Le mois de février 2026 a été marqué par l’arrivée d’un artiste ayant eu recours à l’intelligence artificielle à la 33ème place du Top 50 France sur Spotify, une performance inédite pour une production de ce genre. Dans le même sens, la popularité du groupe Velvet Sundown, groupe de rock 100% artificiel et dont les sons font plusieurs millions de vues, semble témoigner de la tendance actuelle à une plus grande intégration de l’intelligence artificielle dans les processus de production musicale.

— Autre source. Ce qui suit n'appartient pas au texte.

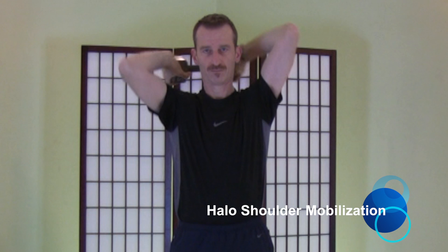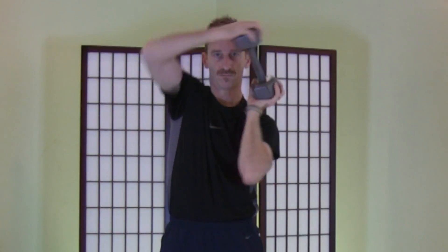This shoulder mobilization can be performed with a dumbbell as shown, or also with a kettlebell or with a weight plate in the gym. Think about making a circle around your head — a halo if you will — and work in both directions.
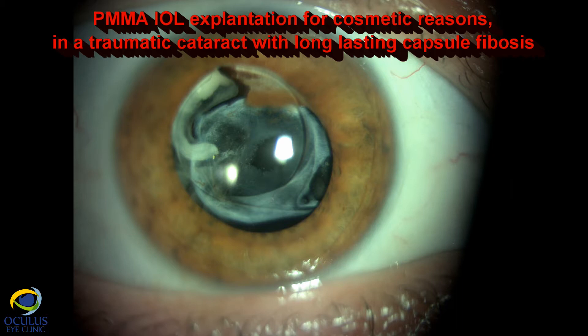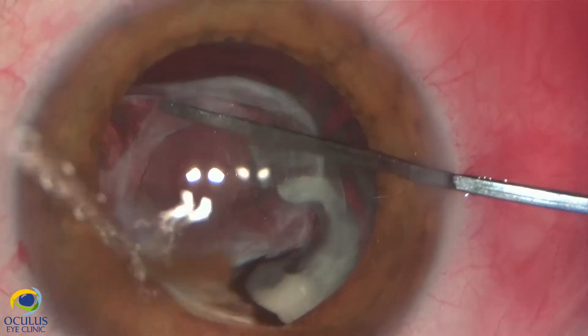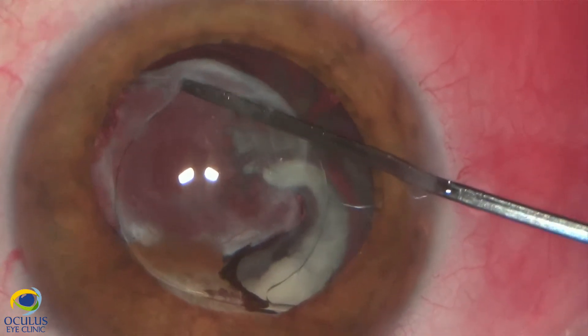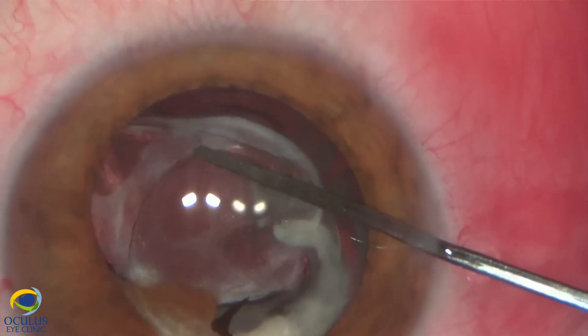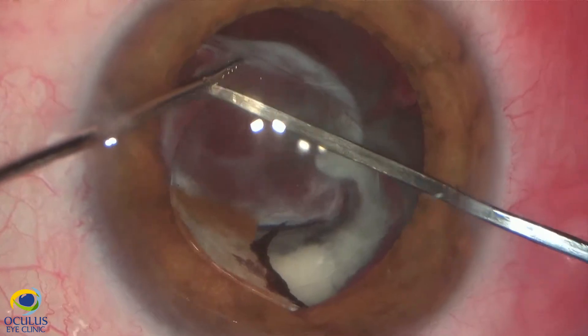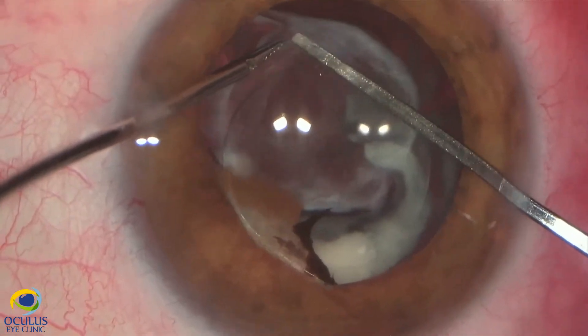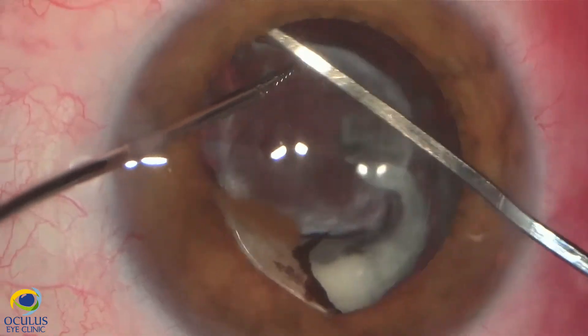We decided to see if it is a case to explant or not the IOL. The patient also had a YAG capsulotomy with a lot of YAG punctures of the IOL. We needed to remove the fibrotic tissue which was white and made the patient unhappy, and at the same time we needed to make the pupil more round to improve the cosmetic result.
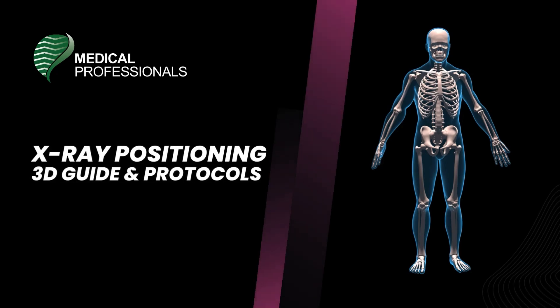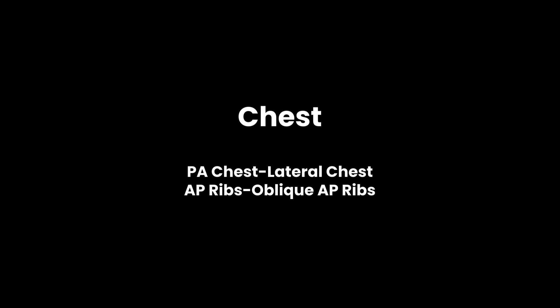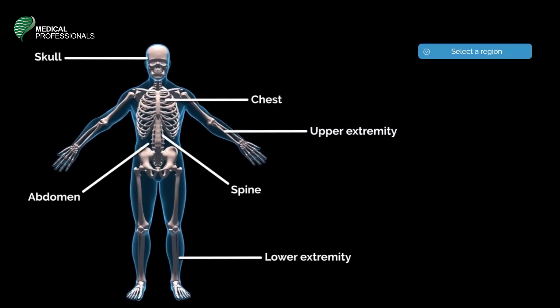Welcome to Medical Professional's new series on X-ray Positions and Procedures. In these videos, you will experience a 3D representation of radiographic protocols that will take you step-by-step into X-ray imaging procedures. This video is about radiographic imaging of the chest. The first position is a chest PA.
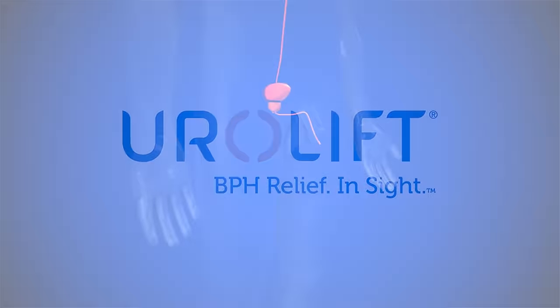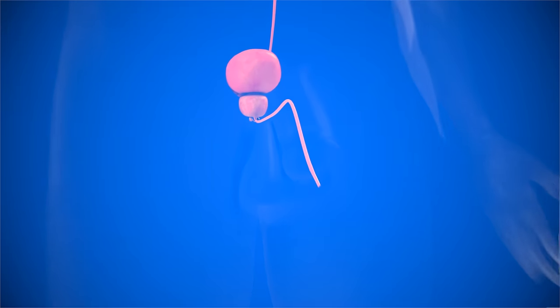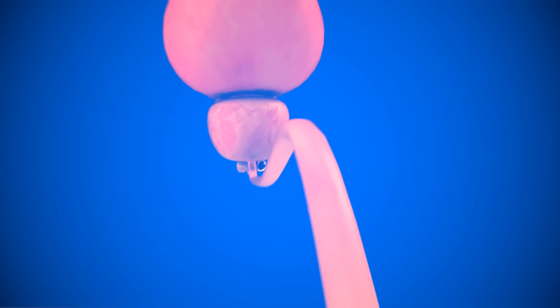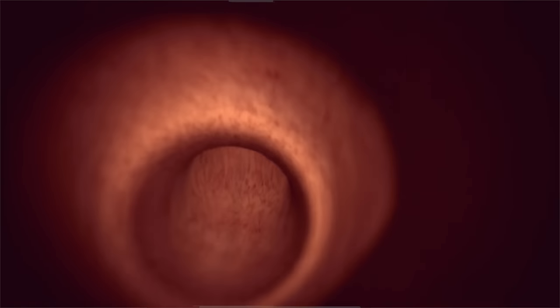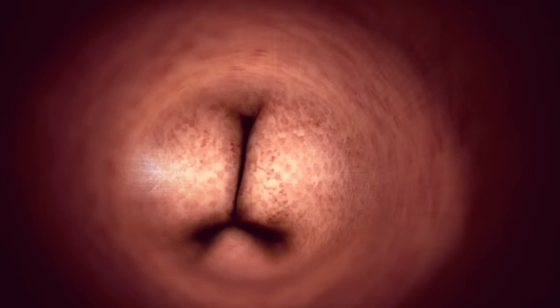The Urolift system is a proven minimally invasive technology designed to relieve urinary symptoms and improve quality of life with minimal side effects for men with an enlarged prostate caused by benign prostatic hyperplasia, or BPH.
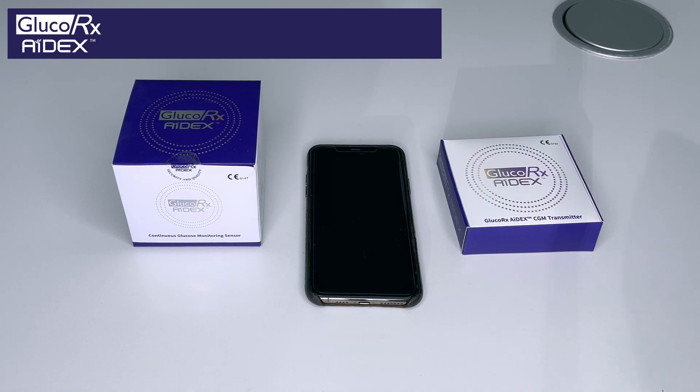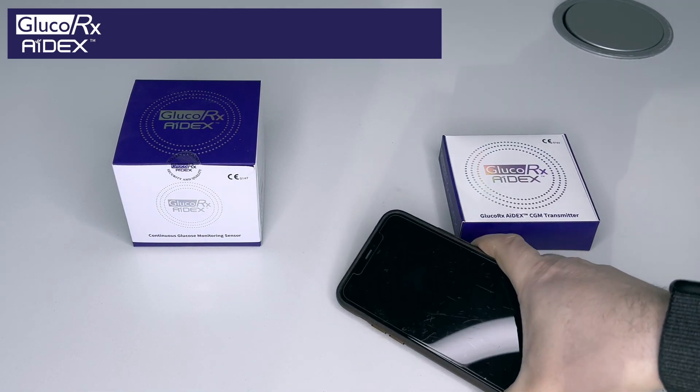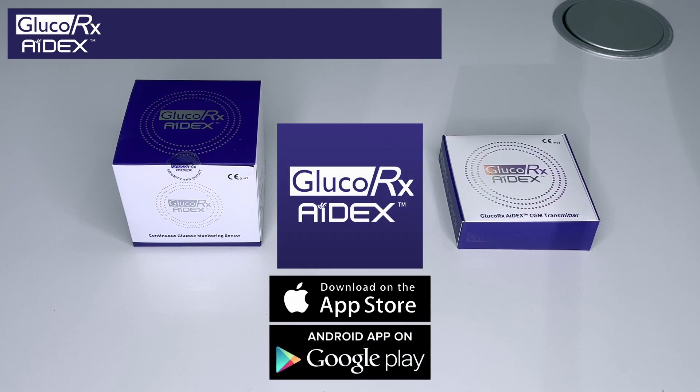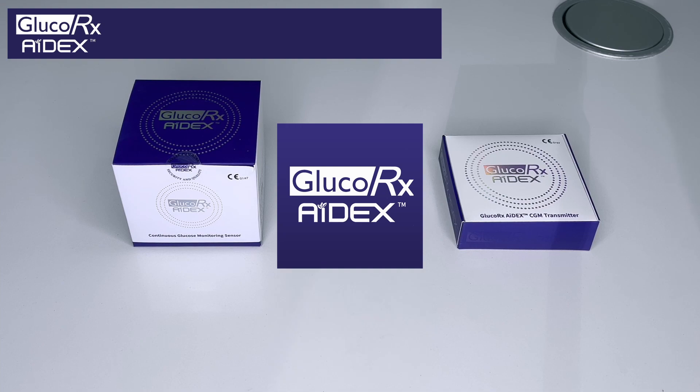So how does it all work? First things first, on your smartphone you need to go into the App Store or into the Google Play Store and search for Glucorex 8x — that is Glucorex and then 8x. Once you find that from the store, really simple, download it as you would do normally.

Le secteur musical connaît depuis quelques années une croissance durable : les revenus globaux ont augmenté de 4,8% pour atteindre 29,7 milliards de dollars américains fin 2024. Le streaming surperforme, avec une hausse de 9,5% des revenus liés aux abonnements. En parallèle, on constate une augmentation du nombre de musiques sorties chaque jour, notamment depuis que l’utilisation et la démocratisation d’outils boostés à l’intelligence artificielle (Suno, Udio, Boomy etc.) alimentent massivement le marché de singles, d’albums et de covers toujours plus difficilement identifiables. Deezer rapportait ainsi, en janvier 2025, qu’un tiers (34%) des titres publiés quotidiennement sur sa plateforme était le produit d’une conception entièrement réalisée par IA.
À l’heure où il devient de plus en plus difficile de distinguer ce qui est le fruit de la sensibilité humaine et ce qui n’est que le résultat de schémas probabilistes optimisés pour l’attention, en quoi les influenceurs musicaux jouent‑ils un rôle spécifique comme relais de présence de marque (artistes, labels) et comme rempart contre l’AI Slop ?

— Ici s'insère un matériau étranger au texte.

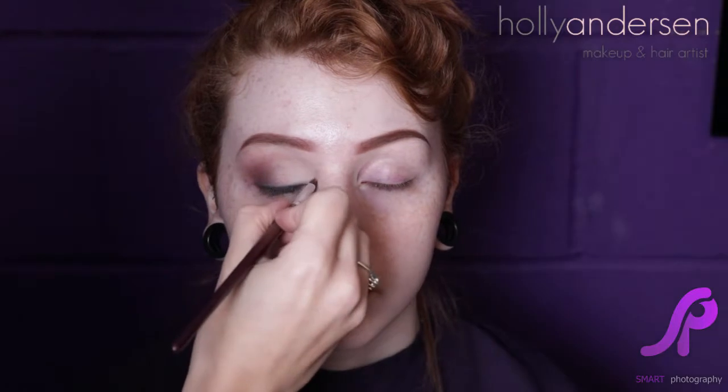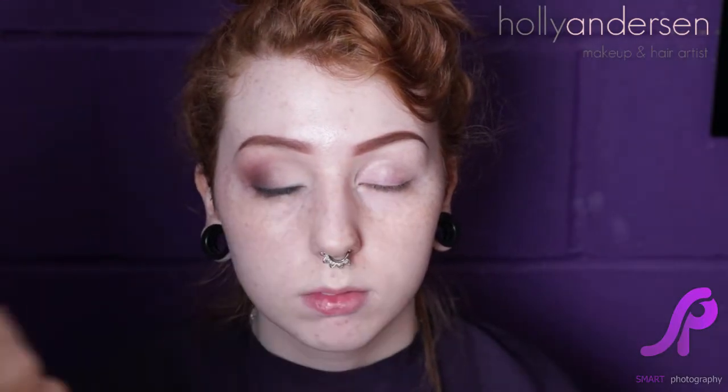We're going to pop some highlighter in the corner of the eye — this is going to make your eye pop and help make the eyes look bigger. We're just going to take a little bit on a small brush and put it right in the corner of the eye.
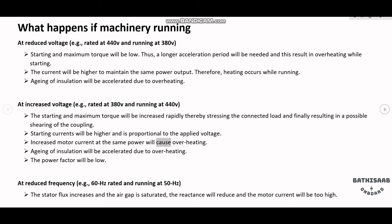Increased motor current at the same power will cause overheating. Aging of insulation will be accelerated due to overheating. The power factor will be low. At reduced frequency — for example, 60Hz rated and running at 50Hz — the stator flux increases and the air gap is saturated.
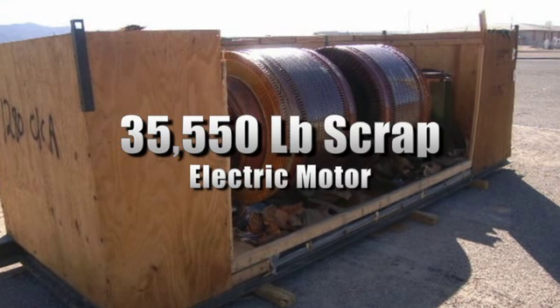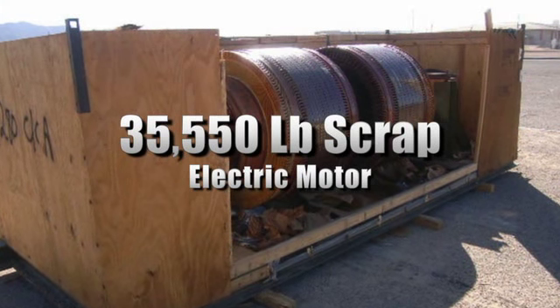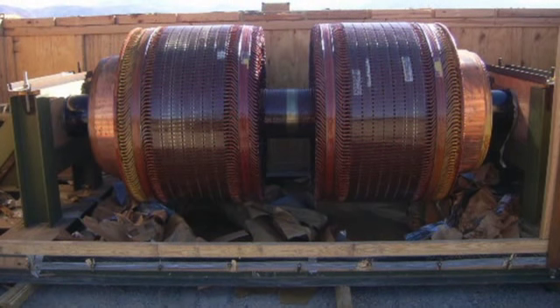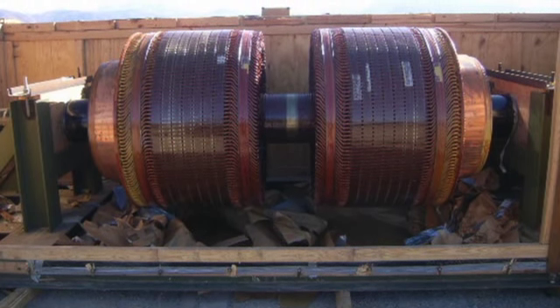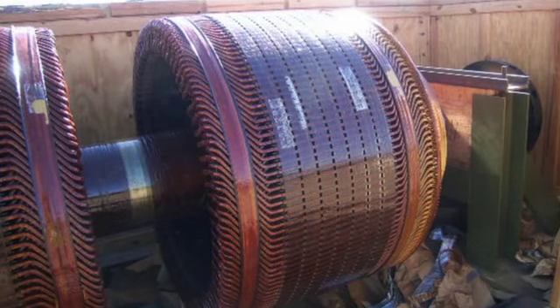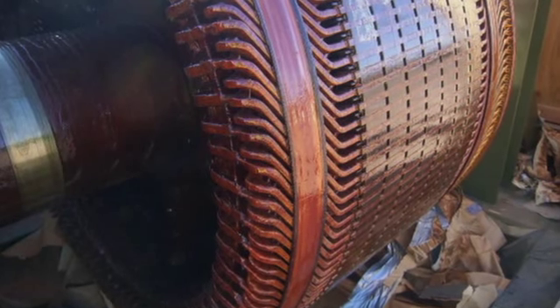You're looking at a 35,550 pound scrap electric motor. It was a double armature motor, shunt wound, with 1500 SHP per armature and 200 RPMs. Please see our website to view and to bid on the scrap sale.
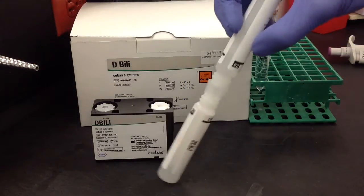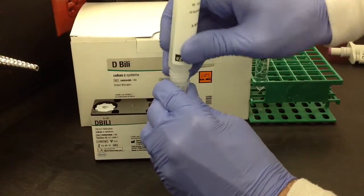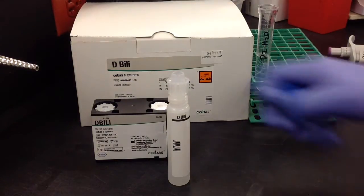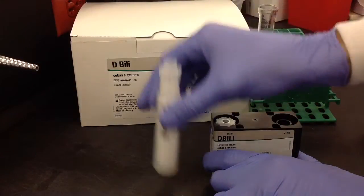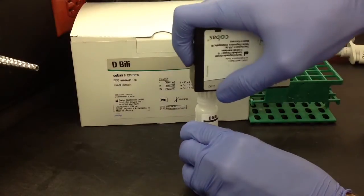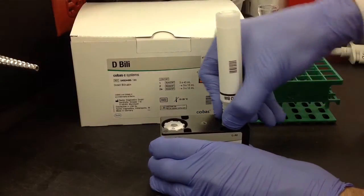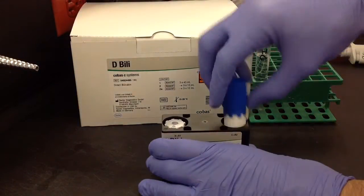After you're done mixing, just once again take all of the reagent and get it into one side, leaving the connector on the side that's full. Then go ahead and take your cassette and uncap the R2 side, and then connect it to your reagent. Tip it over and add the rest of that reagent to the cassette, making sure you get as much of it as possible. Then disconnect it, reconnect your cap, and you're all set.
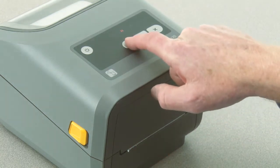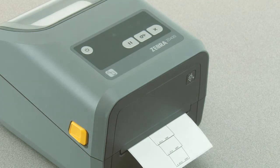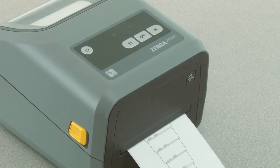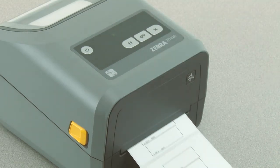Press pause once. The printer will print a 16 millimeter box and pause momentarily. The printer will then print a slightly larger box and again pause. When you see the printer print a box that matches the width of your media, press feed to set the print width.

En quoi consiste le marketing musical aujourd’hui et comment l’influenceur se positionne-t-il dedans ?
Behind the Scenes, making-of, annonce de projets, annonce de concerts, teasers, collaborations, événements, merchandising : les leviers pour promouvoir son art sont multiples, et les labels ont bien saisi cet enjeu. Les contrats d’artistes prévoient désormais des budgets marketing conséquents : en 2023, les maisons de disques avaient investi 8,1 milliards de dollars en A&R et en marketing digital, soit près de 30,8% de leurs revenus. L’influenceur y est perçu comme un investissement stratégique à part entière, dont on attend un retour mesurable en streams, abonnés ou ventes de billets : le ROI musical.
La musique est aujourd’hui une des matières premières des réseaux sociaux. Le marketing musical consiste autant à pousser un produit fini (un EP, un album) qu’à orchestrer en continu la circulation d’un univers sonore et d’une personnalité sur les plateformes sociales comme Tik Tok ou Instagram. L’intégration native d’un lien direct vers les services de streaming dès qu’un son est utilisé en témoigne éloquemment. Il est aujourd’hui impensable pour un artiste, de bâtir une audience vivante, une communauté engagée ou de vivre de son art sans consacrer une part substantielle de son temps et de son budget au marketing digital. Nombre d’artistes ont ainsi percé grâce à Tik Tok via des challenges ou des chorégraphies virales (Ice Spice, PinkPantheress et Steve Lacy en sont les exemples les plus prégnants). En France, Yamê incarne cette trajectoire : repéré par Colors, plateforme berlinoise de performance live, il signe la quatrième vidéo la plus vue de la chaîne avec 106 millions de vues, derrière des noms comme Billie Eilish ou Jorja Smith. Parti de simples Tik Tok tournés chez lui, il est devenu une superstar grâce à une explosion médiatique propulsée par les algorithmes. L’artiste devient son propre média, obligé d’occuper le terrain médiatique en continu.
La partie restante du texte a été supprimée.